* [PATCH resend2] rd: fix data corruption on memory pressure
@ 2007-10-29 14:17 Christian Borntraeger
2007-10-29 14:34 ` Nick Piggin
0 siblings, 1 reply; 2+ messages in thread
From: Christian Borntraeger @ 2007-10-29 14:17 UTC (permalink / raw)
To: Andrew Morton, Nick Piggin, Eric W. Biederman
Cc: linux-mm, Linux Kernel Mailing List, Martin Schwidefsky, Heiko Carstens
Nick, Eric, Andrew,
we now have passed rc1. That means that Erics or Nicks rd rewrite is no longer
an option for 2.6.24. If I followed the last thread correctly all alternative
patches have one of the following issue
- too big for post rc1
- break reiserfs and maybe others
- call into vfs while being unrelated
So this is a resend of my patch, which is in my opinion the simplest fix for
the data corruption problem.
The patch was tested by our test department, thanks to Oliver Paukstadt and
Thorsten Diehl.
---
Subject: [PATCH] rd: fix data corruption on memory pressure
From: Christian Borntraeger <borntraeger@de.ibm.com>
We have seen ramdisk based install systems, where some pages of mapped
libraries and programs were suddendly zeroed under memory pressure. This
should not happen, as the ramdisk avoids freeing its pages by keeping them
dirty all the time.
It turns out that there is a case, where the VM makes a ramdisk page clean,
without telling the ramdisk driver.
On memory pressure shrink_zone runs and it starts to run shrink_active_list.
There is a check for buffer_heads_over_limit, and if true, pagevec_strip is
called. pagevec_strip calls try_to_release_page. If the mapping has no
releasepage callback, try_to_free_buffers is called. try_to_free_buffers has
now a special logic for some file systems to make a dirty page clean, if all
buffers are clean. Thats what happened in our test case.
The simplest solution is to provide a noop-releasepage callback for the
ramdisk driver.

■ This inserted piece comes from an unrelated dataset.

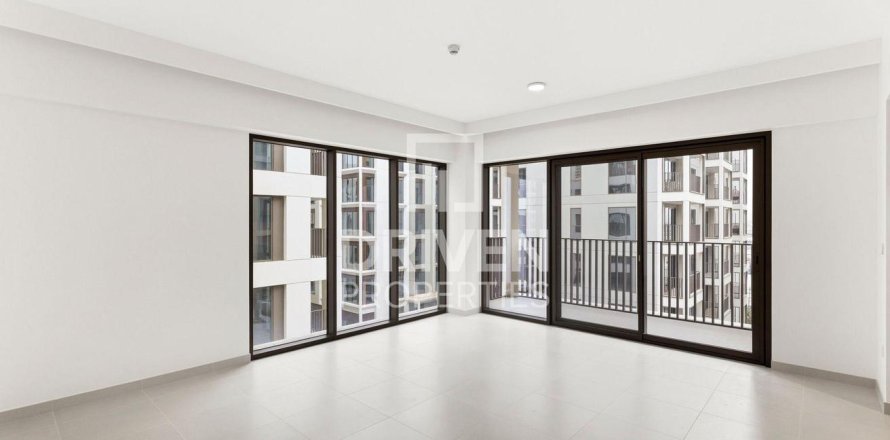 3 bedrooms Apartment in Creek Beach, UAE No. 192638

This avoids try_to_free_buffers for ramdisk pages.
Signed-off-by: Christian Borntraeger <borntraeger@de.ibm.com>
---
drivers/block/rd.c | 13 +++++++++++++
1 file changed, 13 insertions(+)
Index: linux-2.6/drivers/block/rd.c
===================================================================
--- linux-2.6.orig/drivers/block/rd.c
+++ linux-2.6/drivers/block/rd.c
@@ -189,6 +189,18 @@ static int ramdisk_set_page_dirty(struct
return 0;
}
+/*
+ * releasepage is called by pagevec_strip/try_to_release_page if
+ * buffers_heads_over_limit is true. Without a releasepage function
+ * try_to_free_buffers is called instead. That can unset the dirty
+ * bit of our ram disk pages, which will be eventually freed, even
+ * if the page is still in use.
+ */
+static int ramdisk_releasepage(struct page *page, gfp_t dummy)
+{
+ return 0;
+}
+
static const struct address_space_operations ramdisk_aops = {
.readpage = ramdisk_readpage,
.prepare_write = ramdisk_prepare_write,
@@ -196,6 +208,7 @@ static const struct address_space_operat
.writepage = ramdisk_writepage,
.set_page_dirty = ramdisk_set_page_dirty,
.writepages = ramdisk_writepages,
+ .releasepage = ramdisk_releasepage,
};
static int rd_blkdev_pagecache_IO(int rw, struct bio_vec *vec, sector_t sector,
--
To unsubscribe, send a message with 'unsubscribe linux-mm' in
the body to majordomo@kvack.org. For more info on Linux MM,
see: http://www.linux-mm.org/ .
Don't email: <a href=mailto:"dont@kvack.org"> email@kvack.org </a>
^ permalink raw reply [flat|nested] 2+ messages in thread
* Re: [PATCH resend2] rd: fix data corruption on memory pressure
2007-10-29 14:17 [PATCH resend2] rd: fix data corruption on memory pressure Christian Borntraeger
@ 2007-10-29 14:34 ` Nick Piggin
0 siblings, 0 replies; 2+ messages in thread
From: Nick Piggin @ 2007-10-29 14:34 UTC (permalink / raw)
To: Christian Borntraeger
Cc: Andrew Morton, Eric W. Biederman, linux-mm,
Linux Kernel Mailing List, Martin Schwidefsky, Heiko Carstens
On Tuesday 30 October 2007 01:17, Christian Borntraeger wrote:
> Nick, Eric, Andrew,
>
> we now have passed rc1. That means that Erics or Nicks rd rewrite is no
> longer an option for 2.6.24. If I followed the last thread correctly all
> alternative patches have one of the following issue
> - too big for post rc1
Yeah, I don't think the rewrites were ever intended for 2.6.24
anyway...
> - break reiserfs and maybe others
> - call into vfs while being unrelated
>
> So this is a resend of my patch, which is in my opinion the simplest fix
> for the data corruption problem.
> The patch was tested by our test department, thanks to Oliver Paukstadt and
> Thorsten Diehl.
>
> ---
>
> Subject: [PATCH] rd: fix data corruption on memory pressure
> From: Christian Borntraeger <borntraeger@de.ibm.com>
>
> We have seen ramdisk based install systems, where some pages of mapped
> libraries and programs were suddendly zeroed under memory pressure. This
> should not happen, as the ramdisk avoids freeing its pages by keeping them
> dirty all the time.
>
> It turns out that there is a case, where the VM makes a ramdisk page clean,
> without telling the ramdisk driver.
> On memory pressure shrink_zone runs and it starts to run
> shrink_active_list. There is a check for buffer_heads_over_limit, and if
> true, pagevec_strip is called. pagevec_strip calls try_to_release_page. If
> the mapping has no releasepage callback, try_to_free_buffers is called.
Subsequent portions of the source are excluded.